In der letz­ten Folge bin ich in das Thema Weltbilder einge­stie­gen und habe an einem kleine Beispiel einmal aufge­zeigt, wie Meinungen entste­hen. Wie wir sehr schnell anfan­gen die Landkarte zu verän­dern, die ja nicht das Gebiet ist. Das will ich in dieser Folge noch einmal vertie­fen. 

Wie entste­hen unsere Weltbilder genau? Einige kennen viel­leicht das Grundprinzip der IT, des Computers. Es folgt dem Prinzip der Eingabe, der Verarbeitung und der Ausgab, kurz: E.V.A.. 

Wahrscheinlich würdest Du mich für blöd erklä­ren, wenn ich einen Text am PC schreibe, ihn ausdru­cke und den Tippfehler mit Tippex auf dem Ausdruck korri­gie­ren würde in der Hoffnung, das der dann weg ist. Denn Du weißt, was beim nächs­ten Ausdruck passiert?
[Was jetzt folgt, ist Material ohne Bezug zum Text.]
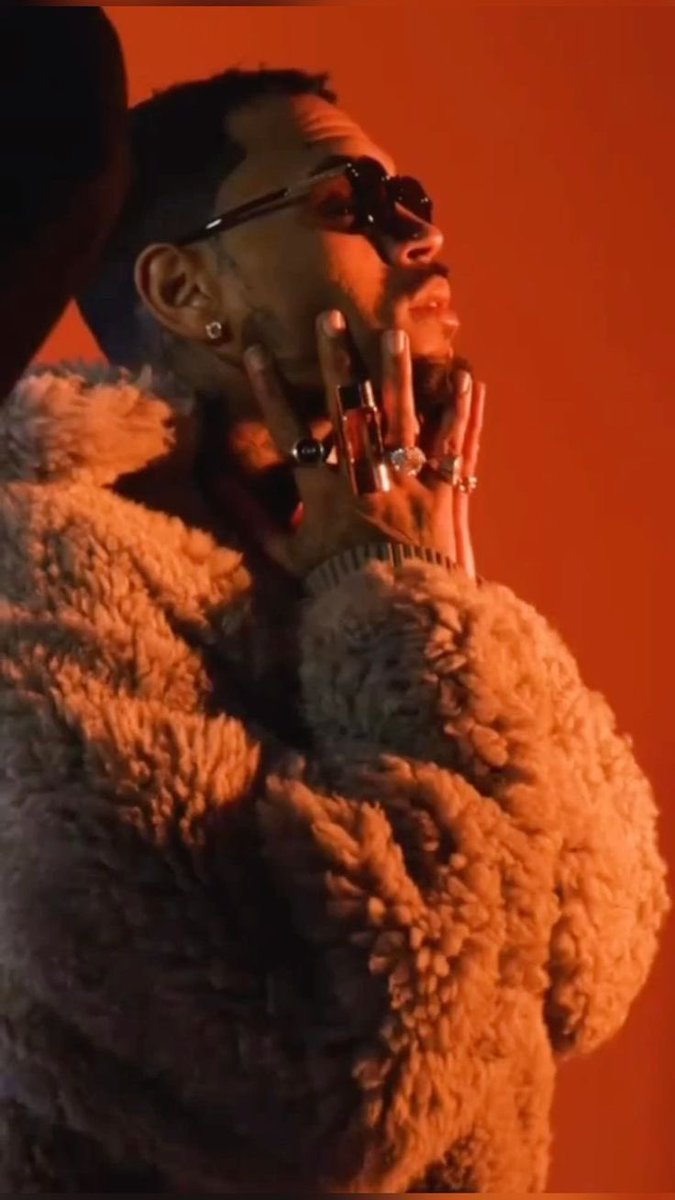 _theefairy's tweet image. he’s so fine it’s hard to concentrate fr omg.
Richtig, der Fehler ist immer noch da. Erst mit der rich­ti­gen Eingabe kann die Software das rich­tige Ergebnis an den Drucker 

Was bei einem PC logisch und einfach klingt, ist auf einer ande­ren Ebene gar nicht mehr so offen­sicht­lich. 

Denn wie funk­tio­niert unser Gehirn? 

Ich nehme etwas wahr. Es gelangt über die „Bewusstseinsschwelle“ in meinen Wahrnehmungsbereich. Dann rennt mein Gehirn los und sucht nach Referenzerlebnissen oder ande­ren Vergleichen. Dazu nutzt es eine  riesige Datenbank, die sich im Laufe des Lebens einge­rich­tet hat.  Findet es etwas vergleich­ba­res, dann sagt es sich: „Ach klar, kenn ich“ und liefert das Ergebnis zurück. Andernfalls wird diese neue Wahrnehmung als Referenzerlebnis gespei­chert. 
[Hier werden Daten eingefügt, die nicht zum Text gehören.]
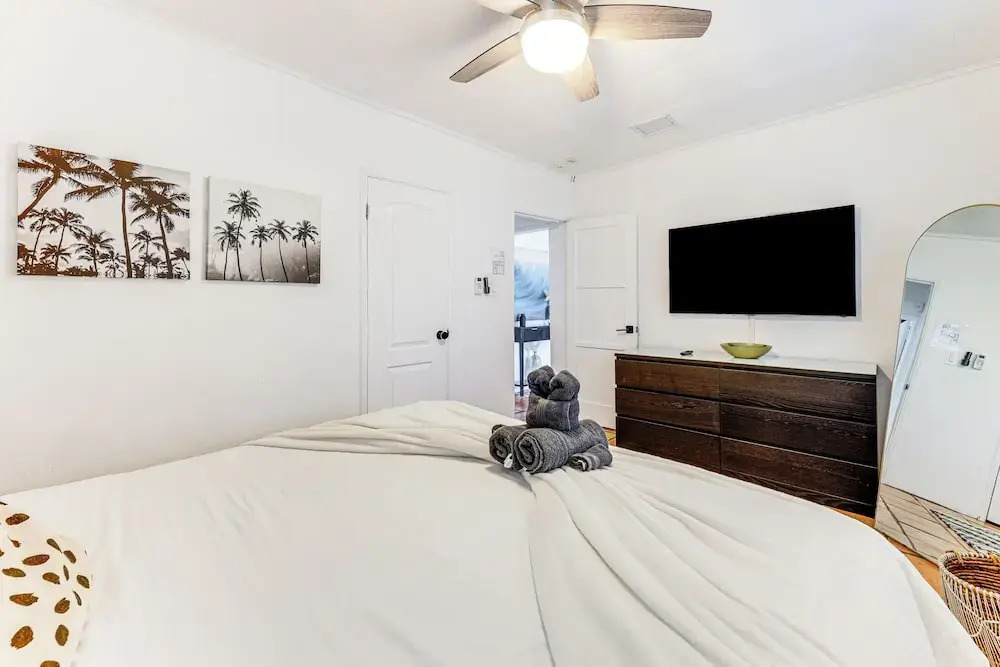 5 Mi to Las Olas Beach! Bright Home w/ Fenced Yard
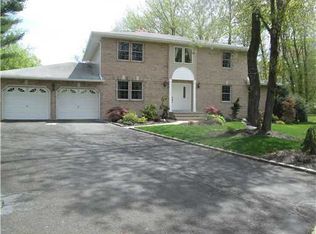 9 Mulberry Ln, Edison, NJ 08820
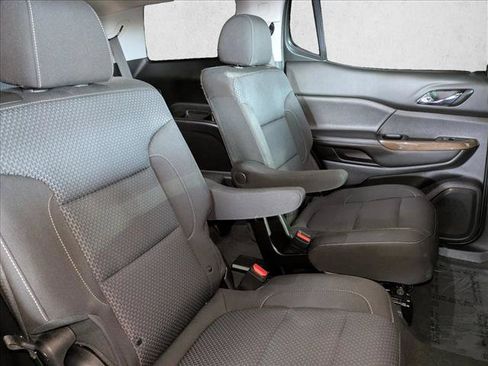 Used 2022 GMC Acadia SLE FWD image 20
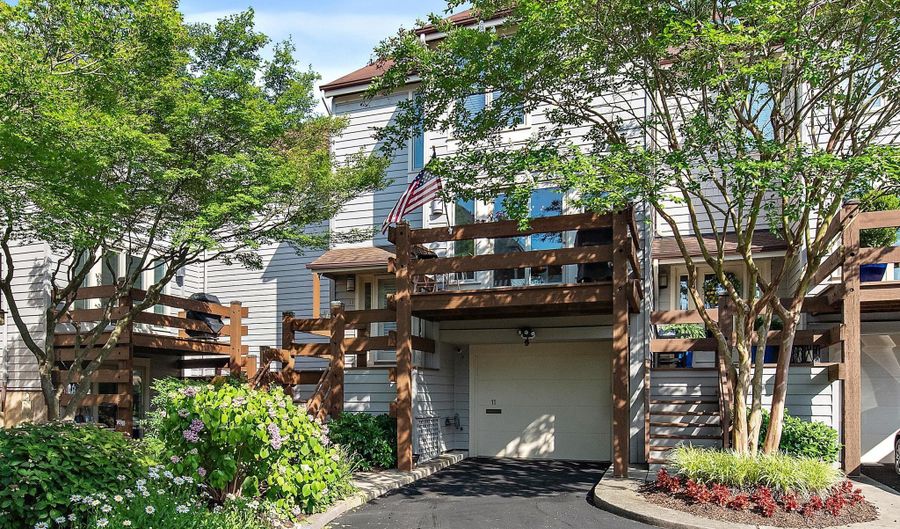 11 CHESAPEAKE Lndg, Annapolis, MD 21403 - 3 Beds, 3 Bath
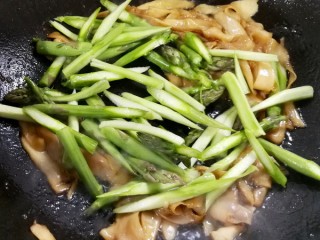  芦笋炒鸡腿菇片 第4步
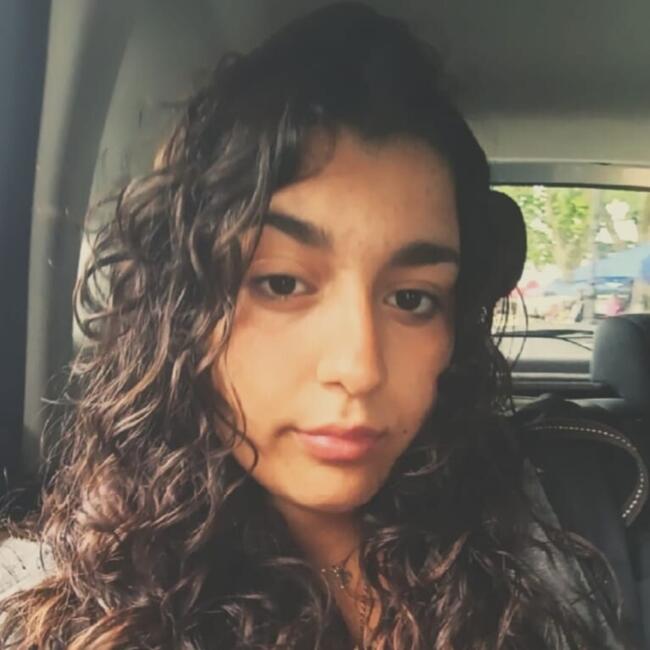 Babysitter in Padim da Graça: Ariana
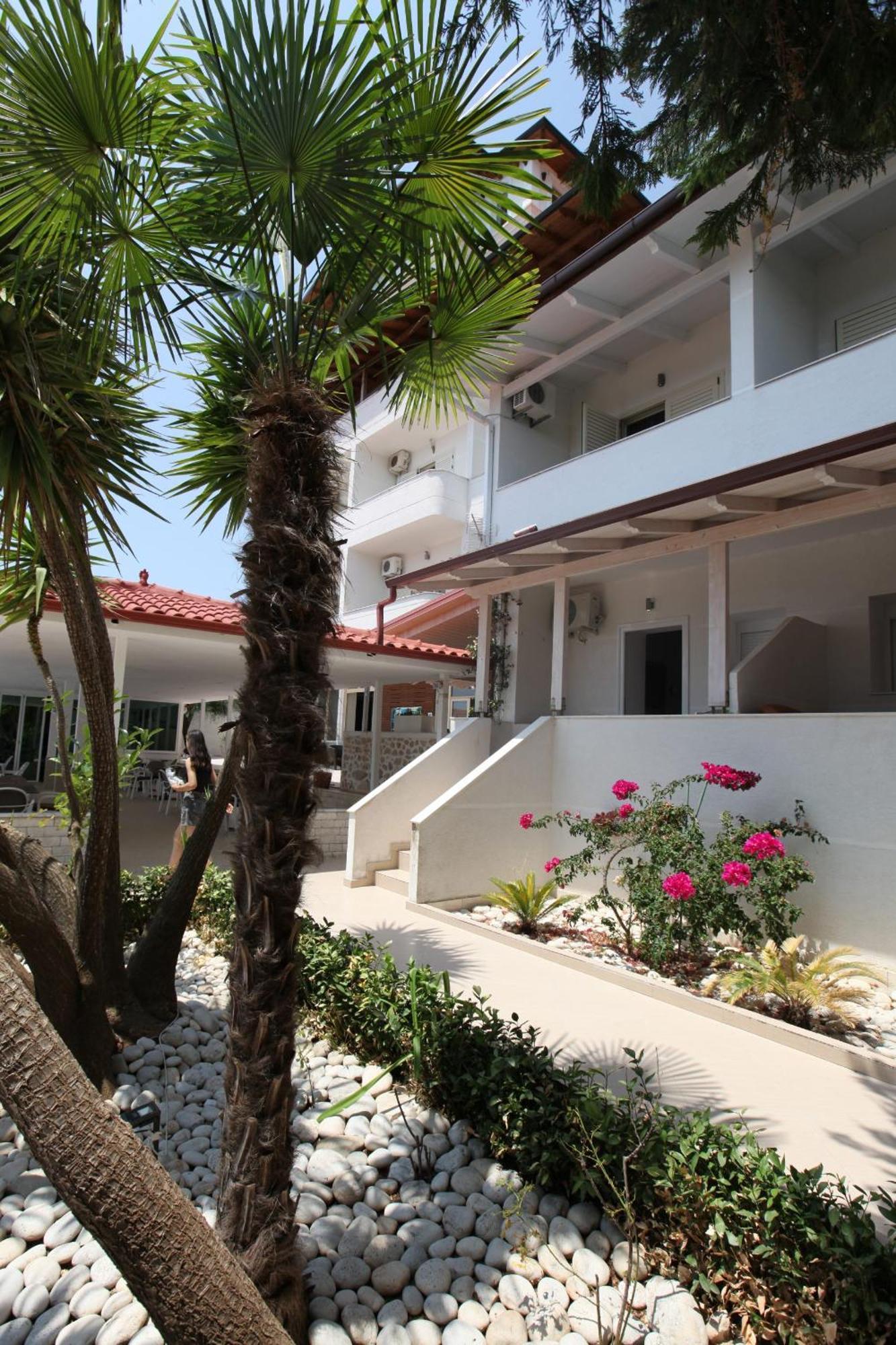 Hotel Relax Dhërmi Exterior foto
Zu guter Letzt erfolg die Ausgabe. Entweder über eine Art der Kommunikation oder es wird als Referenzerfahrung abge­spei­chert — man weiß ja nie, wofür es gut ist. 
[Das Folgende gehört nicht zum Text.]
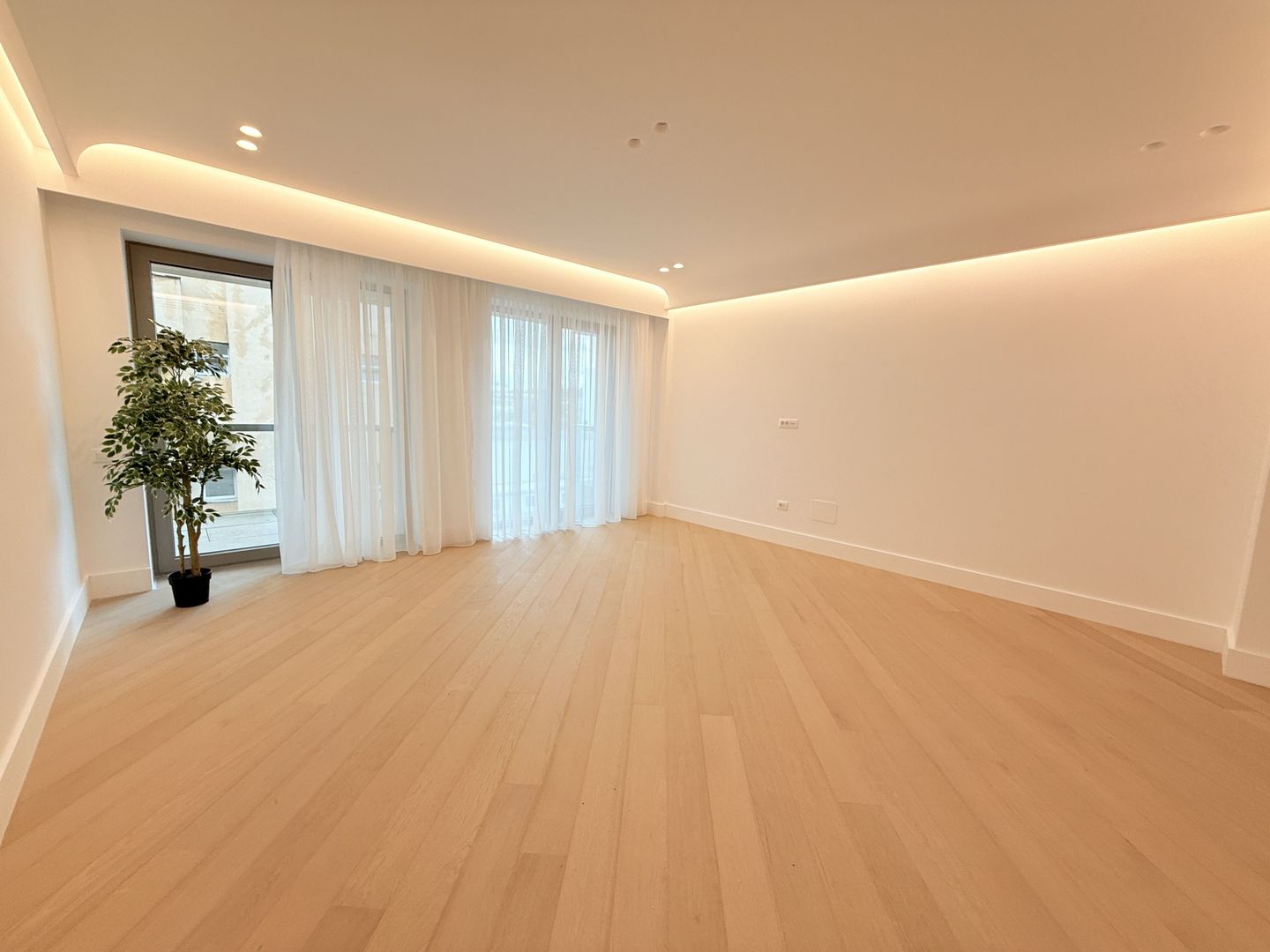 Oportunitate 2 camere Cortina126 - Iancu Nicolae - Poză 1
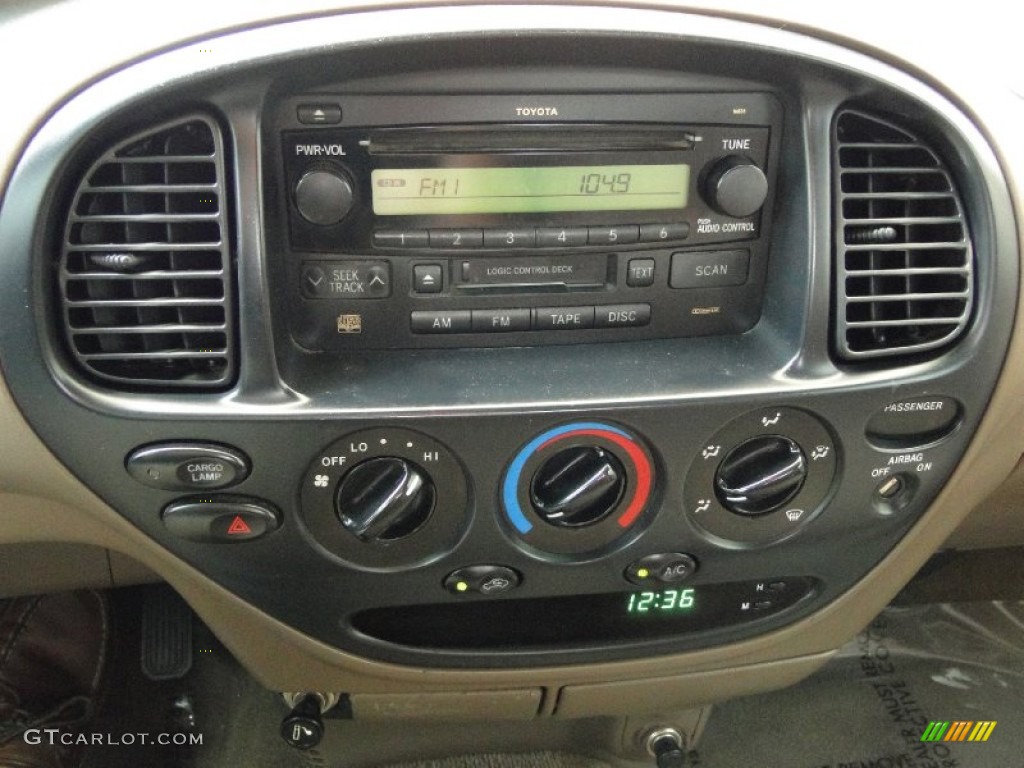2003 Toyota Tundra SR5 Access Cab Controls Photo #52148752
Das war jetzt echt theo­re­tisch 😉

Dazu viel­leicht ein kurzes Beispiel: Ein klei­nes Kind hat Hunger (Wahrnehmung) — Selbst versor­gen kann es sich noch nicht (kein Referenzerlebnis) also fängt es an zu schreien. Jetzt kommt Mutti, holt das Fläschchen und füttert das Kind. Was passiert jetzt alles?

Im Gehirn festigt sich der Weg: Hunger -> schreien -> Mutti kommt, es gibt Futter -> Hunger weg. Alles wieder gut.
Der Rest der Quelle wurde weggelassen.